I will argue the economics is the ecology of human societies. Money is a token measure of energy and materiel. Ecology is a study of the measure and flows of energy and materiel in the wider biosphere. Classical economics is the study competition between individual and organisation. There is cooperation and other behaviors that are seen in ecology. Lots of strategies and tactics are displayed by organisms. Taking these and applying them to economics problems and situation should be the main source for developing viable global warning measures.

Gnoll110

The Guerrilla Solar manifesto

Been reading Alternative Technology Association's (ATA) ReNew magazine. The current edition (#104, July-Sept 2008).

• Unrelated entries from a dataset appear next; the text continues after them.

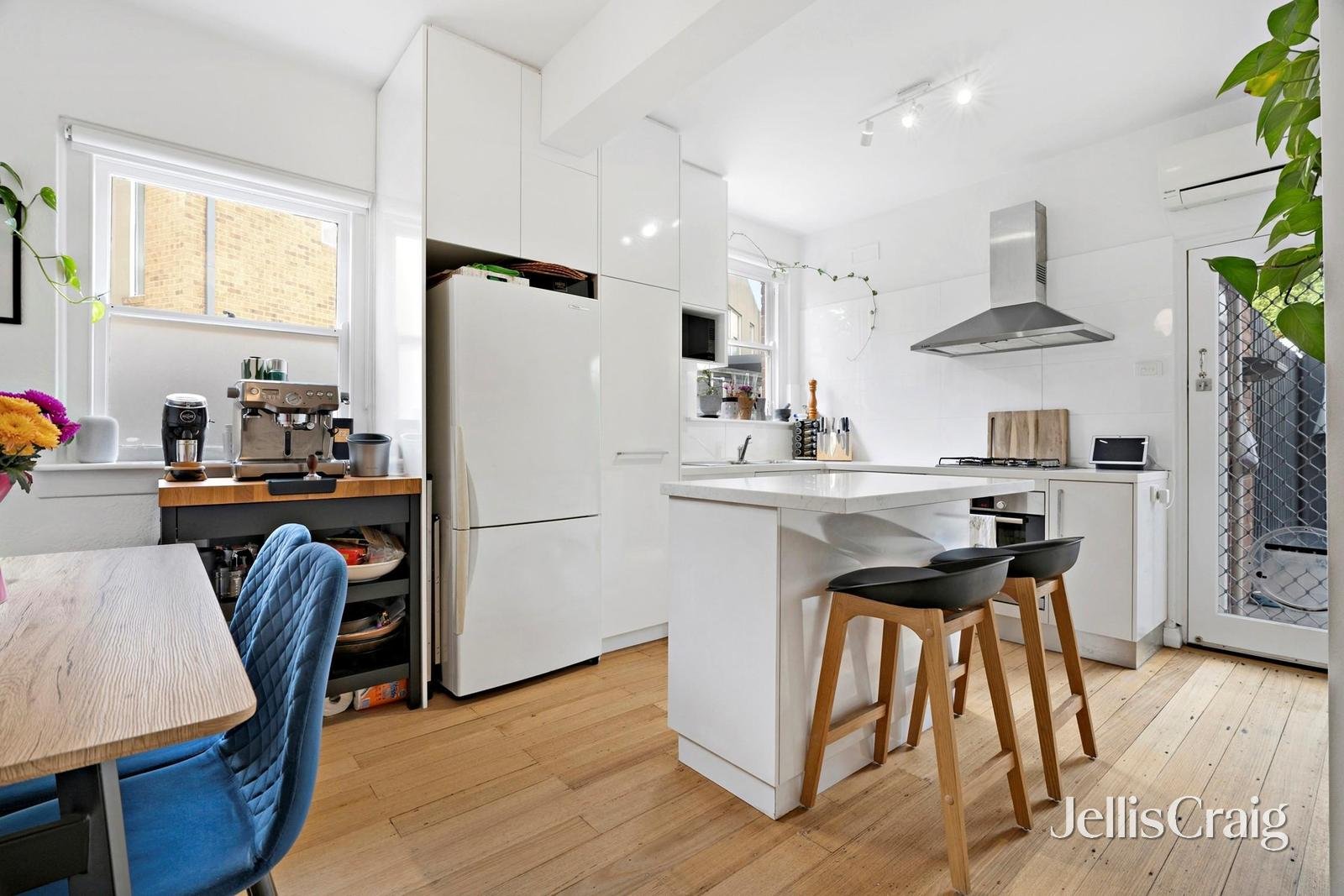 3/27a Foam Street, Elwood image 5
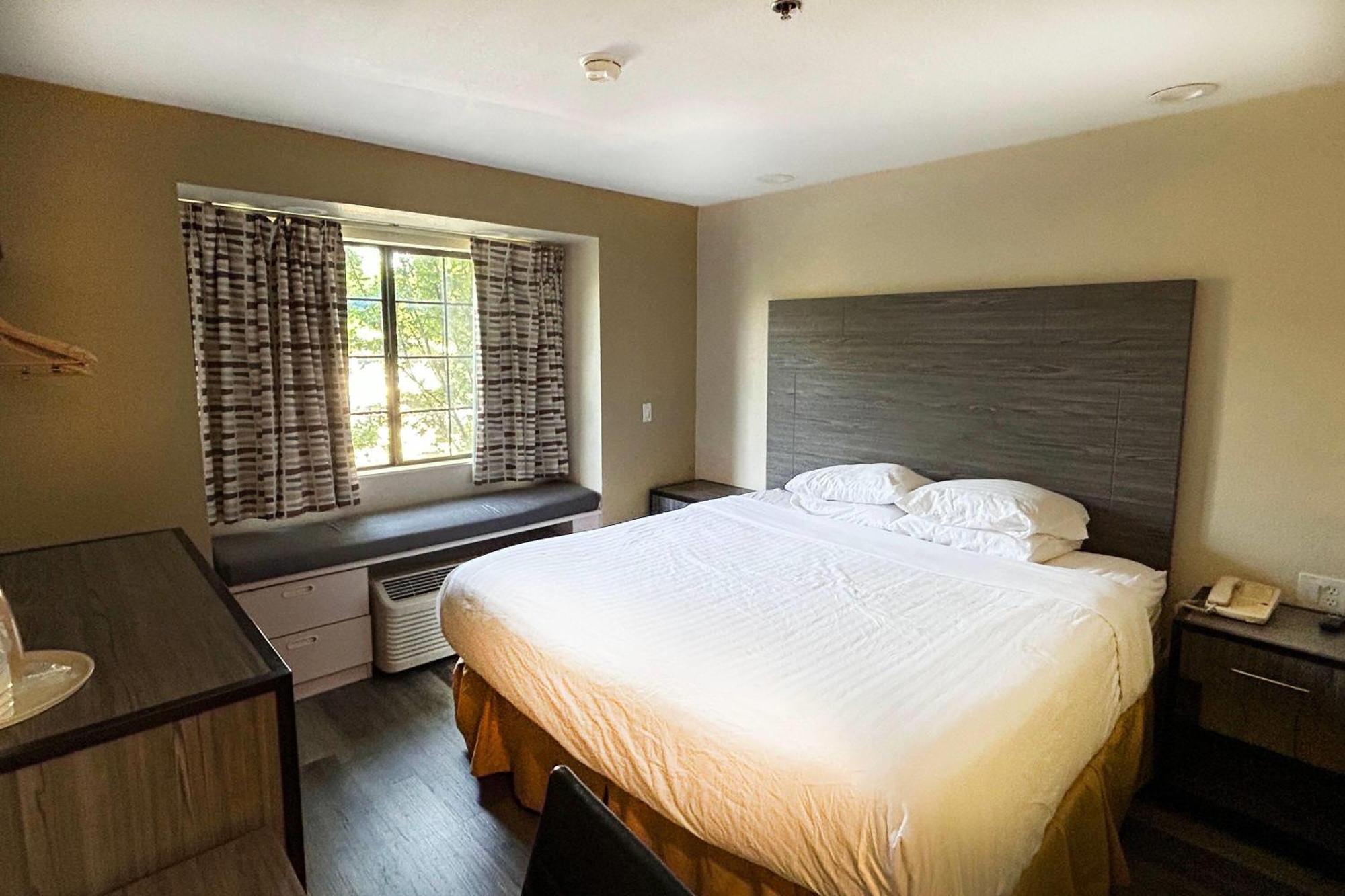 Travelodge By Wyndham Arlington/Dallas Area Zewnętrze zdjęcie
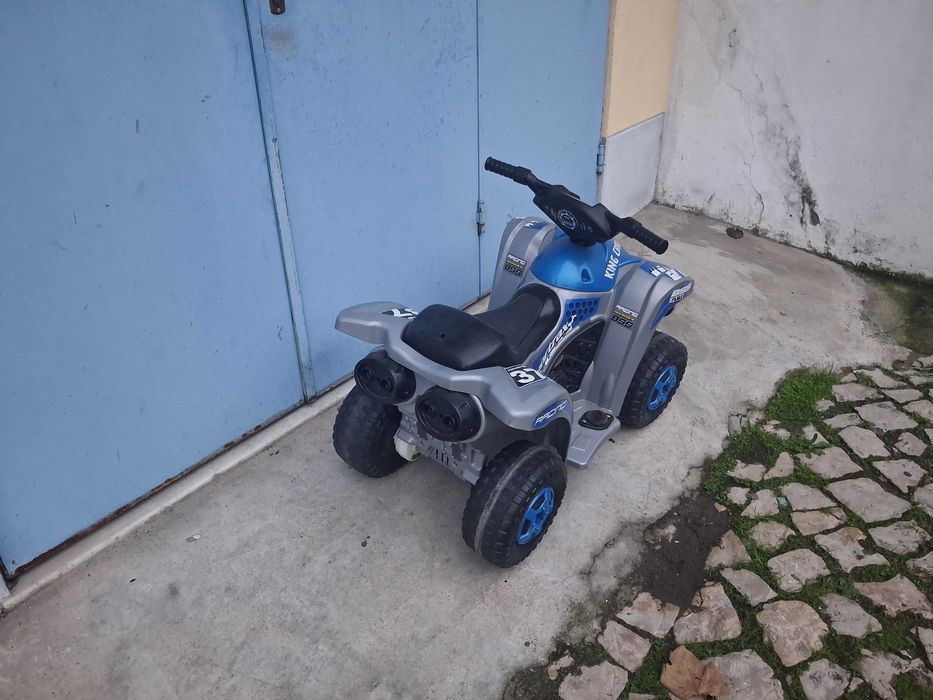 Jipe elétrico para crianças dos 3 aos 6 anos de idade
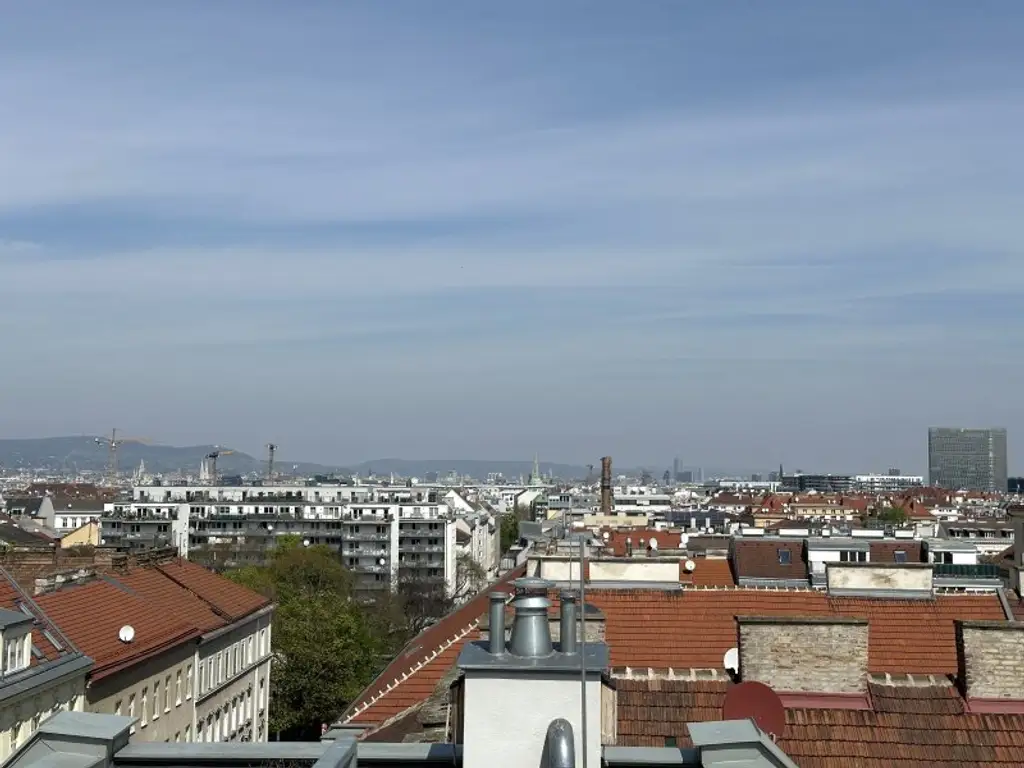 Hier werden Träume war! Exklusive 4-Zimmer Maisonette-Wohnung mit ca. 113 m2 sowie eigener Dachterrasse in ruhiger Lage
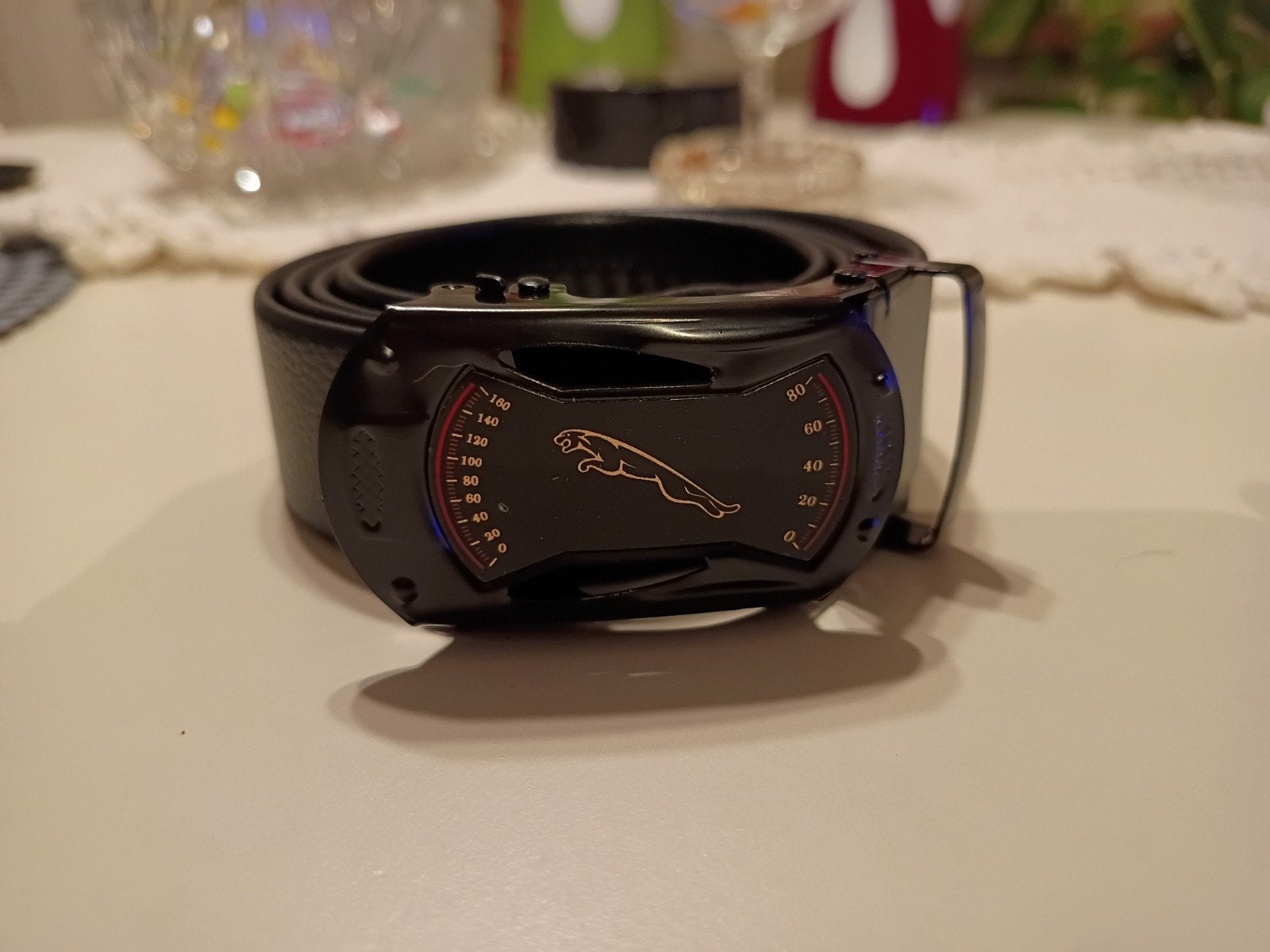 Zwarte riem met Jaguar gesp, Nieuw, Heupriem, Ophalen of Verzenden, 3 tot 5 cm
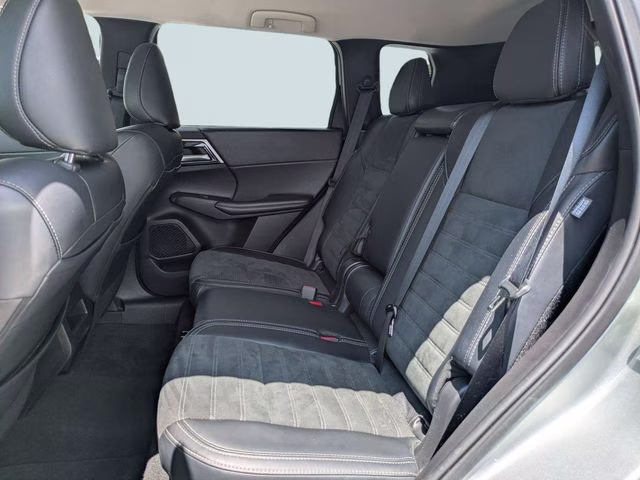 2024 Gray Mitsubishi Outlander SE FWD SUV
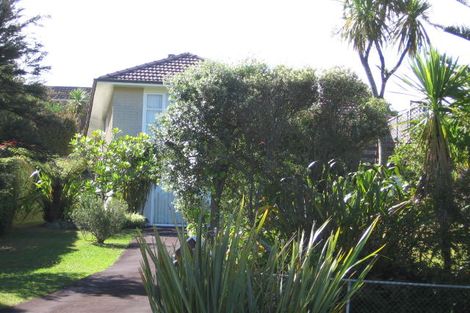 Photo of property in 25 Channel View Road, Campbells Bay, Auckland, 0630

It has a great article entitle Guerrilla solar in the Aussie 'burbs. It's sub headed Installing grid-connect solar can be a frustrating process. Some people just give up and do it their own way, writes Avery 'Sonny' Daze and Jenny Rait.

It talks about putting a small system together. The dirty games that utilities play and getting a systems connected.

It ends this manifesto

The Guerrilla Solar manifesto

We hold these truths to be self-evident that all energy is freely and democratically provided by Nature, that utilities both public & private have no monopoly on the production and distribution of energy, that this century's monopolisation of energy by utilities threatens the health of our environment and the very life of our planet.
I. We, the Solar Guerrillas of this planet, therefore resolve to place energy made from sunshine, wind, and falling water on this planet's utility grids with or without permission from utilities or governments.
II. We resolve to share this energy with our neighbours without regard for financial compensation.
III. We further resolve that our renewable energy systems will be safe and will not harm utility workers, our neighbours, or our environment.
Signed: Solar Guerrillas of Planet Earth

What a great call to arms!


Gnoll110

Cycle, it's all cycles!

We’ve all seen the Atmospherics CO2 graph for the last few decades. It’s an upward trending line with an annual fluctuation. The uptrend is largely the result of the burning of coal & petroleum over the last 250 years. The annual fluctuation is caused by the photosynthesis/respiration/decay cycle of vegetation, the bulk of which is in the northern hemisphere.

Mauna Loa Carbon Dioxide

Ok, to stop the up trend, it pretty obvious what we need to do. Stop burn coal & petroleum! We need to shoehorn ourselves back into the annuals solar/geothermal energy budgets of the planet.

For some reason that’s beyond me, the knee jerk reaction seem to be to try to ‘freeze’ carbon out of the atmosphere using whatever mean is available. To shoehorn ourselves back into the annuals energy budgets of the planet we need to work with the carbom cycle, even accelerate it, not freeze within parts of it. This topic will be an assay in its own right, for the future. Stay tuned.


Gnoll110

Carbon & its history

You didn't realise how basic peoples understanding of a well known problem can be at times.

Yes, not all carbon was created equal. History counts!

Here is part of a thread on the subject.

My initial post, part of a wider thread.

> One issue is how much GH gases you release, but more important is where the carbon (including embody energy) came from in the first place. Is a fire better that an electric light? Would the depend of if the electricity is solar or gas or oil or coal fired. Is the fire a wood fire or brickettes?
>
> I always ask, "where was that energy a year ago, 10 years ago, a hundred years and a thousand years ago?" Ultimately you're going to end up in one of four places. The sun, heat in the crust or below, the moon (tidal) or in a since mined crust deposit (I use this wording to cover exhaustible fossil fuels & radioactives).
>
> I'll leave you to work out witch 3 are exceptable and witch one isn't!

The initial response.

Hi there I'm still a newbie with lots to learn. So correct me if I am wrong you are saying condensed burning a 10 year old tree is more acceptable than condensed burning a 10 million year old tree and of the same ammount ?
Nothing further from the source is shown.